Steubenville Vocations

Terry Mattingly, author of the syndicated “On Religion” column for the Scripps Howard News Service, posted an interesting piece last week entitled, “Future nuns, priests face big questions.”

By “big questions,” Mattingly is really talking about the perennial questions surrounding the discernment of one’s vocation, but with the added complications of today’s landscape, including the dramatic decline (and graying) of religious vocations in America in recent decades.

The primary focus of the piece, however, concerns the response to these “big questions” by students at Franciscan University of Steubenville, where vocations have been flourishing. For example, Mattingly points out that the Priestly Formation Program on campus has produced 400 priests (with many more still in formation) over the past 25 years.

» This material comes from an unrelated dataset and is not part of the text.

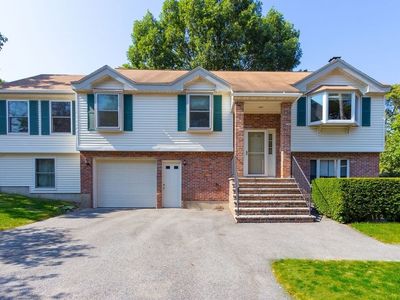 112 Grover Road Ext, Medford, MA, 02155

He also mentions that “many of America’s 244 Catholic colleges and universities offer similar programs.” Of course, if there were 244 Steubenvilles, we wouldn’t be wondering about tomorrow’s vocations (except maybe about where to put them all!). As it is, very few colleges have fostered vocations the way Franciscan University has.

Mattingly gives several reasons why Franciscan University enjoys such success. Clearly the vibrancy, or what the school at times calls its “dynamic orthodoxy,” is very attractive.

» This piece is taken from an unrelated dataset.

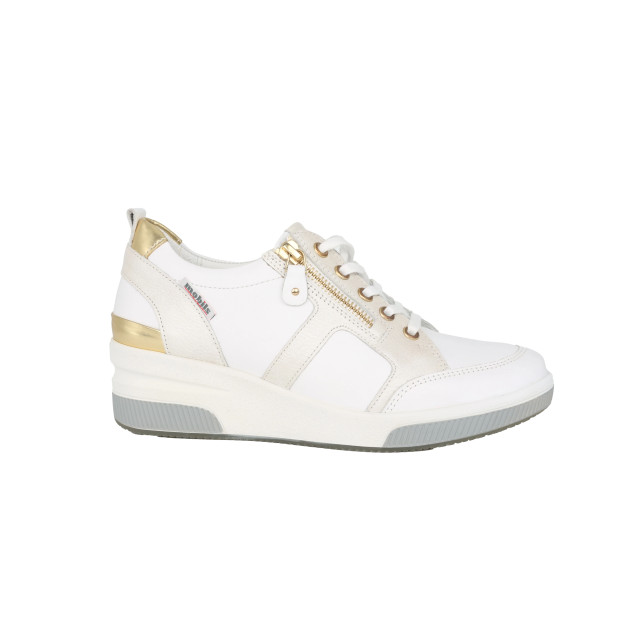 Mephisto Trudie Sneakers Wit Trudie large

Yet, I think Fr. Richard Davis, T.O.R., whom Mattingly quotes in the article, does well to stress the fact that there are three male and four female religious orders that maintain houses near the campus. Fr. Davis also pointed out that many other orders regularly send younger members to visit the campus or study there.

“Our students are very sensitive to this,” said Davis. “New styles of habits and robes keep appearing here all the time. The students see that and it makes them curious. . . . This campus produces a large number of priests, but I believe even more of our young women become sisters and nuns.”